Thursday, August 23, 2007
Goodbye to Grace Paley
Yet another loss in August, a loss for the world of literature, American arts, New York writing, and the Left: Grace Paley (1922-2007, at left, Ms. Magazine) has died, after a long illness, at her home in Thetford, Vermont, at the age of 84. Paley's name brings immediately to mind New York City, and specifically Greenwich Village, where she lived for many years and set a number of her stories, like "Wants," "Northeast Playground," and "Friends." Her comic, highly ironical, frequently lyric, usually voice-driven, plotless prose is distinctively her own; Paley repeatedly took the raw materials of her life as a divorced, secular Jewish mother, pacificist and activist, and transformed them into the works of art. As some of the obituaries of her note, and as she detailed when she spoke to my fellow MFA students and me some years ago, she primarily wrote poetry until her 30s, when she realized that another genre, fiction, was calling her. She began listening to the narratives in her head, the Yiddish-influenced voices and stories of her childhood and young adulthood, and rather than setting them as verse, she allowed the lyric impulse to unfold as short stories. And what stories! Paley can set a sentence on its side, and double it back again, while making it sound as if someone uttered it, effortlessly, without much thought but also with the finest consideration. In "Wants," she manages to telescope an entire life into a few pages: a woman must return books that are overdue--years overdue--but in the process of journeying to what is the Jefferson Market Library on 6th Avenue and 9th Street, she also journeys to and through her past, with each memory, each event, each word really, assuming significance and resonance. I often reread Paley's work, so utterly different from my own, and teach it, as a way of understanding how a writer can make the most out of so very little, how crucial precision and humor and irony are, how a light touch can carry inestimable gravity.
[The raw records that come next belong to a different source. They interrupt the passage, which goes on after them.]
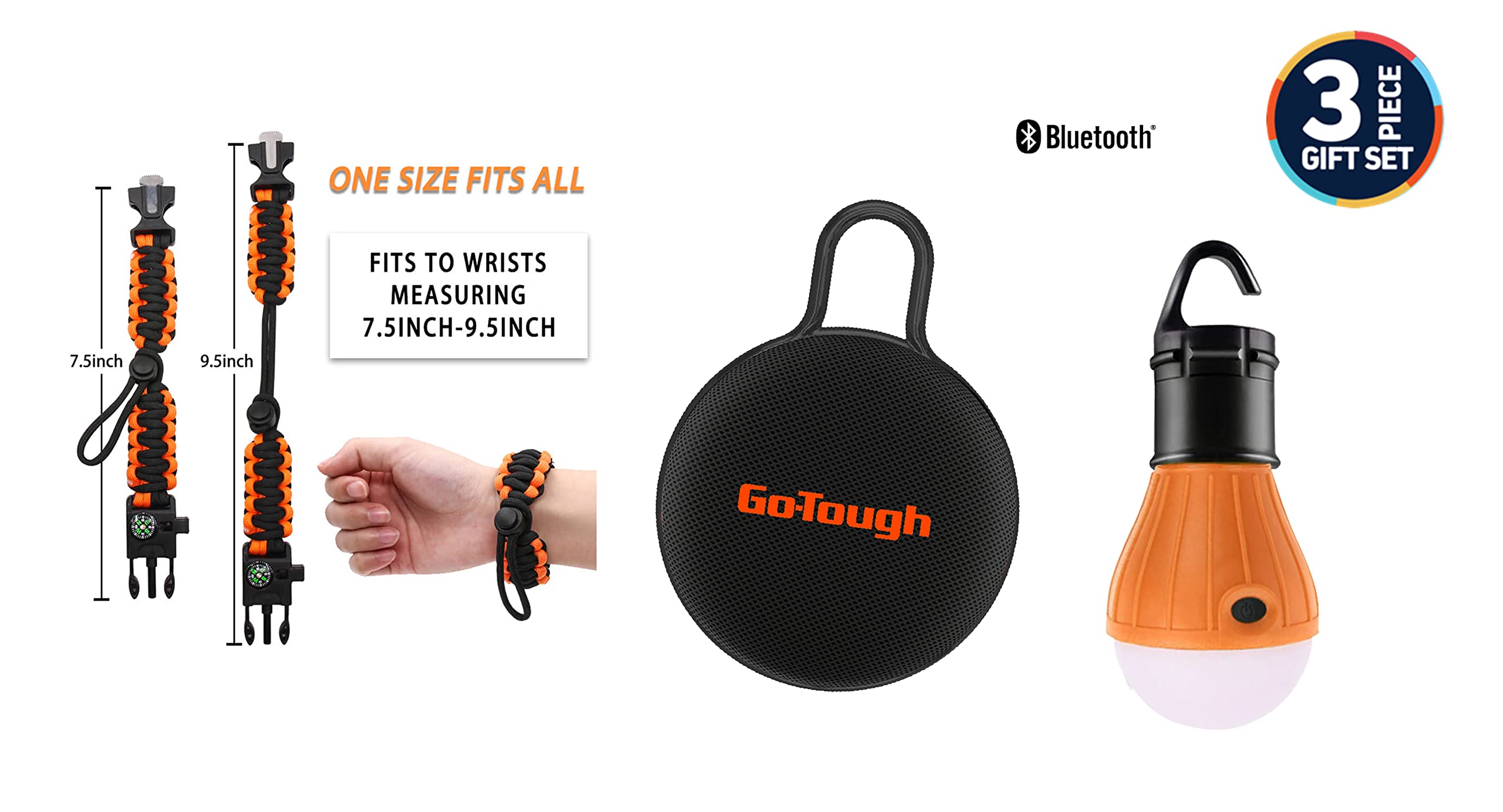 Go-Tough 3PC Camping Accessories Set | Includes Camping Tent Hanging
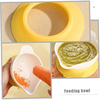 Set bát ăn dặm nhựa đế hít silicone & thìa silicone (màu ngẫu nhiên)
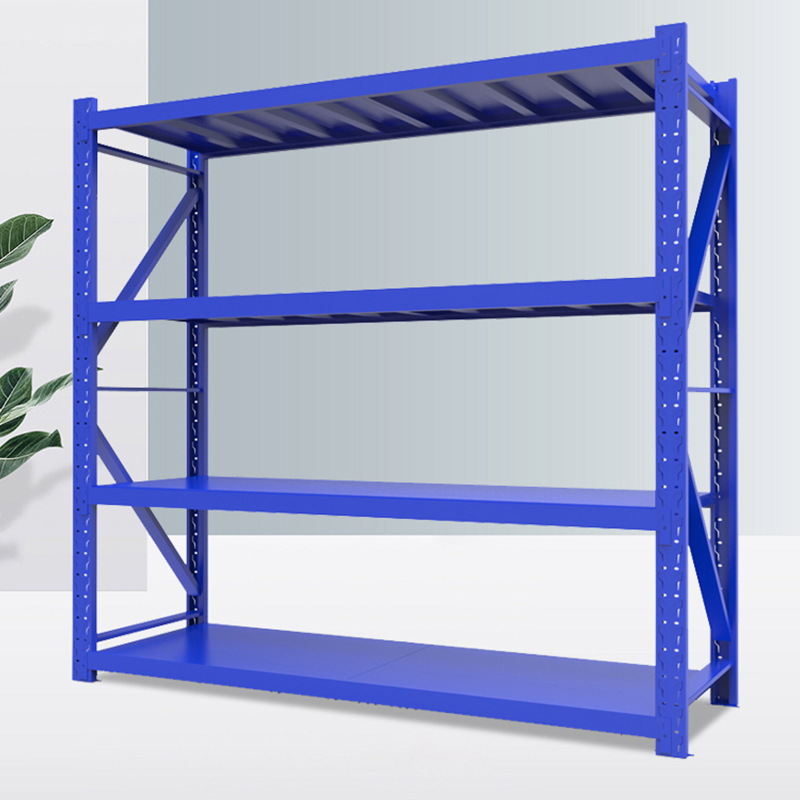 Multi-tier Light Medium Heavy-Duty Warehouse Shelving; Steel Racking Storage Rooms; Thickened Floor-Standing Storage Racks China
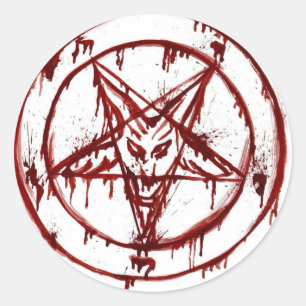 pentagram classic round sticker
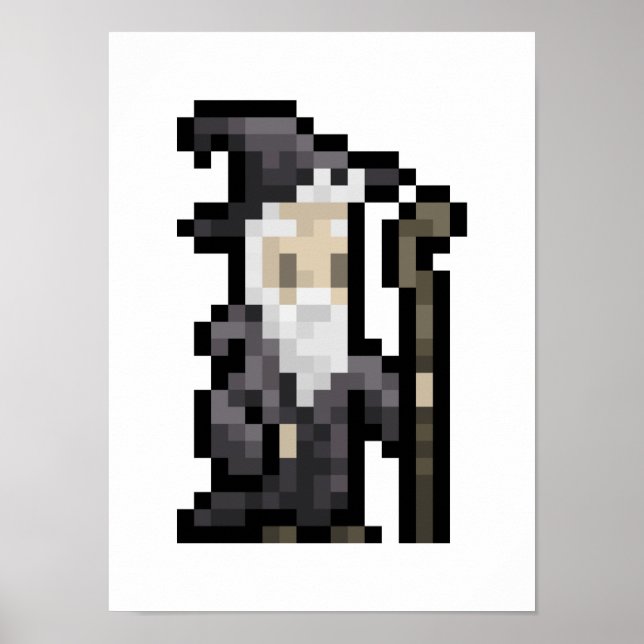 8-bitars Pixel Art-Poster Poster (Framsidan)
At the Whiting Foundation Awards ceremony a few years ago, Paley read one of her best stories, and one of my favorites, "A Conversation with My Father," and I thought then, as I always have when I've read this story, in the hands of many a writer this might sound like a carefully revised snippet of nonfiction drawn from memories or a journal, but after Paley's touch, it is undeniably fiction, and a work of art.